Outsourcing: Keeping track of your invoices and contacting customers can be taxing. With invoice financing, the factoring company will be the one to keep track of your invoices, leaving you with added time to focus on more important tasks.
Continuous Cash Flow: As long as your business has pending invoices, you can continue to use invoice factoring. Instead of waiting months to receive payment on outstanding invoices, you can receive the money on your terms which enables you to maintain steadier cash flow.
Immediate Cash Flow: The process of applying for traditional business loans is long and tedious – sometimes it takes months before you’re approved. Invoice factoring offers immediate access to cash, ensuring your business operations continue to run smoothly.

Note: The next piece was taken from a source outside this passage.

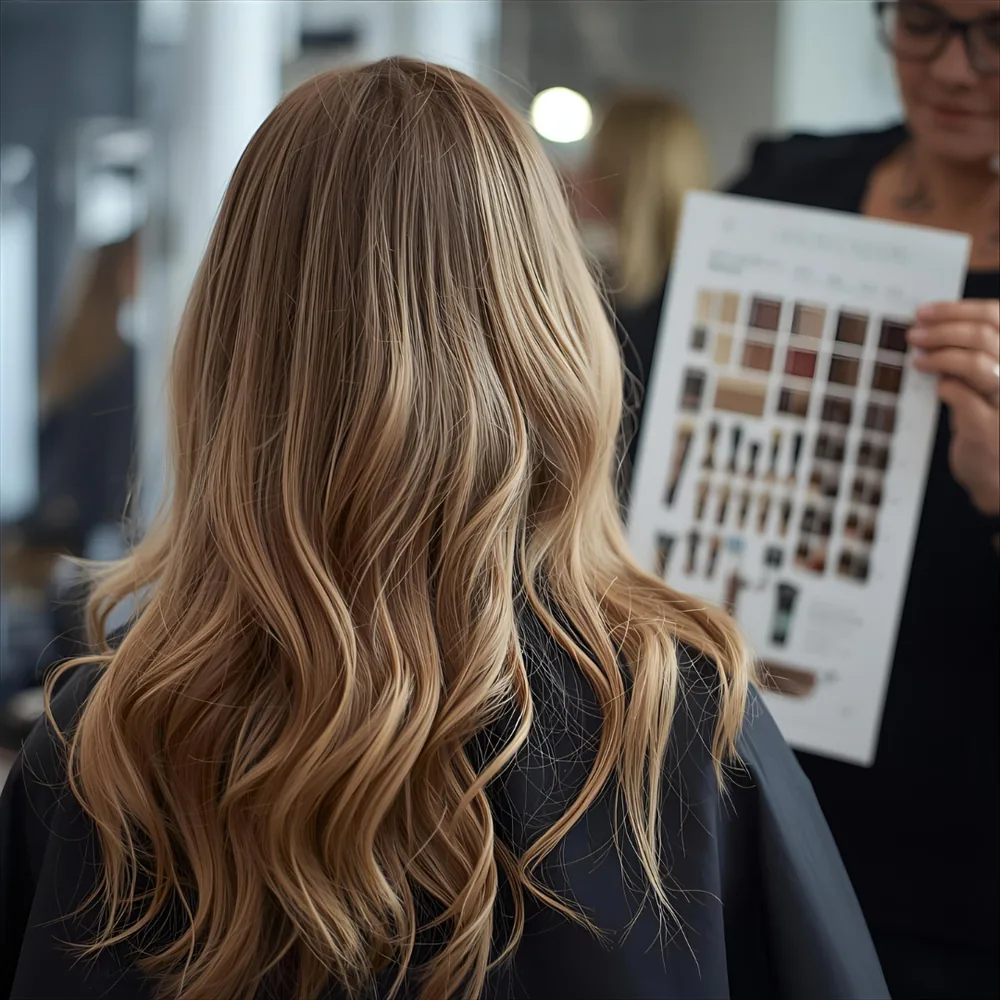 Resultado de balayage rubio con la carta de color de referencia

Grows with Your Business: Unlike traditional term loans that only offer a one-time solution, your invoice financing line increases as your business grows. The invoice financing line is tied to the value of your invoices. As a result, it can easily increase as your invoices increase in value, given that your clients remain creditworthy. This financing option is great for rapidly growing companies needing financing to keep up with the rate of growth.
Customer-Reliant: Lenders may not be too particular about your business’ financial history, but they will take your customers’ payment history into consideration before approving your application. Therefore, if your customers have a bad payment record, it could negatively impact your chances of having the factoring company take on your invoices.
Fees: Factoring companies typically charge around 1% to 5% of your invoice’s total value. Before you consider invoice financing, you need to determine whether fast access to capital is worth the fees.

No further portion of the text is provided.